I've got a little list.


Actually, I tend to think that there is a rather limited range of topics that merit discussion in the framework of the Boidem, and sometimes I'm surprised that I've been able to stretch them out over three and a half years of monthly columns. The columns have on the whole dealt with social aspects of the inclusion of the internet into our lives, and as I've noted, the more that the internet becomes an integral part of those lives, the more we are able to take it for granted, the less there is to actually examine. So it's hard not to be repetitive. What's more, my opinions on these different topics haven't undergone significant change over the time I've been writing, such that once I've written about a topic, I don't really have much more to say about it.

Acting somewhat as counterpoint to that process, however, is the personal aspect of these columns. As more and more material of a personal nature has crept into these columns, the focus of attention has shifted from an objective discussion of some particular aspect of internet use, to a subjective examination of how that aspect is reflected in my life and surroundings.
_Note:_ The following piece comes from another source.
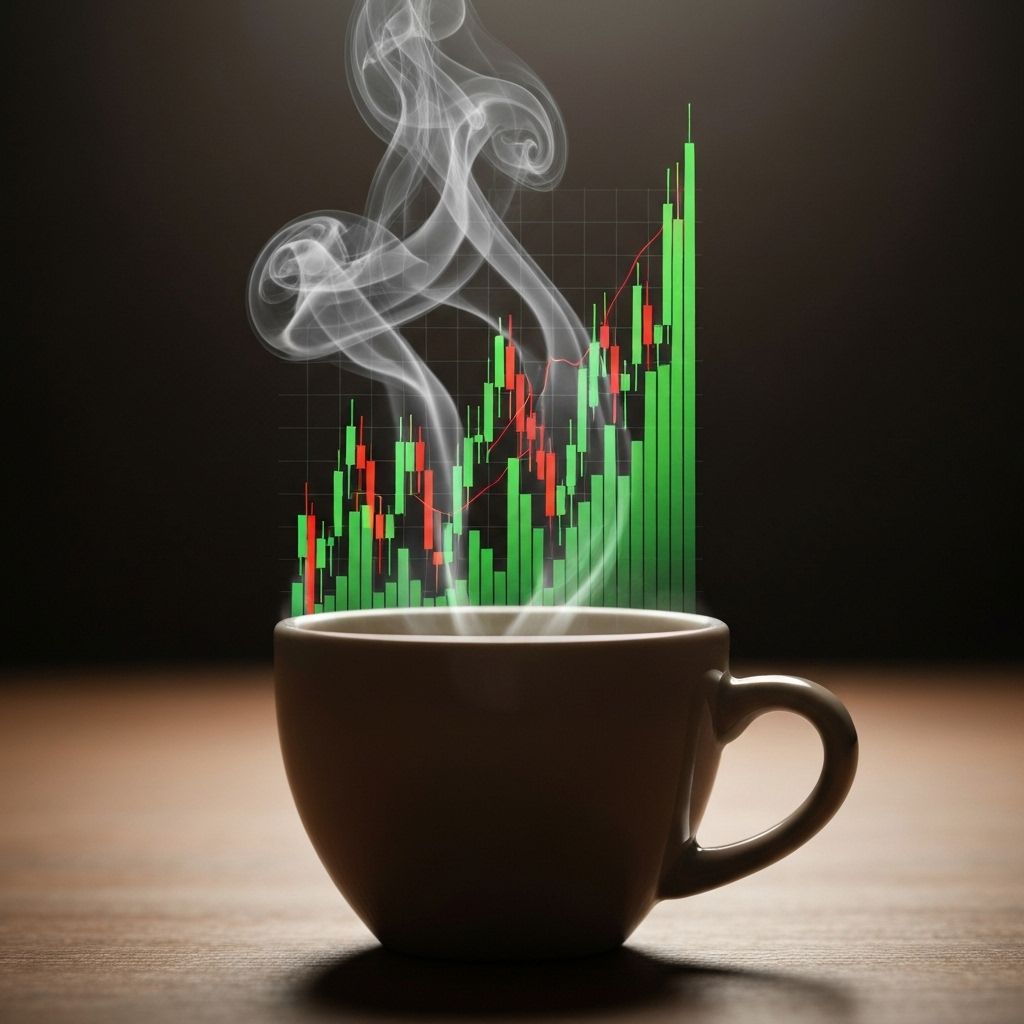 Cană de cafea cu vizualizare creștere investiții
Though I can't promise that these subjective reports are always of interest, they create an ever increasing number of stories that can be reported and can be used as jumping off points for a discussion of the internet in our lives. Often the impetus for a particular column stems from an experience of my own with the internet, and I find that to be a fitting focal point from which my associations can branch out - associations that relate on the one hand to the larger social issues involved, and on the other to my own personal relationship to those issues. Thus I don't really feel a danger of running out of material.

Categorizing the 42 columns until December 1999 is a highly subjective process. Columns naturally overlap and deal with more than only one basic topic. Should a column that deals with addiction to the internet be classified under social aspects of the internet? Shouldn't all topics be classified under that term? The categories I have chosen aren't the only ones available, but in order to put the overall context of the Boidem into some perspective I've tried to focus on the general main topic under discussion in each column:
 

My personal use of the internet, and how my family makes use of it. 6 columns
The internet and education 5 columns
Virtual Community and the expression of self on the internet 6 columns
The nature of the web and metaphors of the internet 4 columns
Semi-economic aspects of the internet 4 columns
The internet and its reflection in popular culture 2 columns
Aspects of e-mail and ICQ 4 columns
Celebrations of the possibilities of the web 2 columns
Technical aspects of web site construction 2 columns
other 7 columns

Preparing the table above was a much more difficult task than I would have expected it to be. The difficulty, for me at least (and the size of the "other" category, even after a concerted effort that placed about ten columns from there into the other categories), points to a rather broad eclecticism of the Boidem in general. That, of course, was part of the original objective - to allow me to reflect on a wide range of aspects of the internet. But until the table took shape I hadn't been aware of to what an extent I'd actually succeeded.

And yet at least one more time it bears repeating: though the topics discussed in the Boidem may interesting topics, the Boidem can't be evaluated on it content alone. True, were it to lack interesting content there would hardly be any reason to consider it at all, but similar content is available from a wide range of other sources. What causes the Boidem to be interesting (if it is) is its still relatively novel integration of hypertext into the format. Perhaps one day, not too far into the future, hypertext will have become so integrated into our culture that we will hardly notice that we are making use of it. One day, perhaps, but not yet today. Until then, we will apparently still find something novel in an even minimal use of hypertext.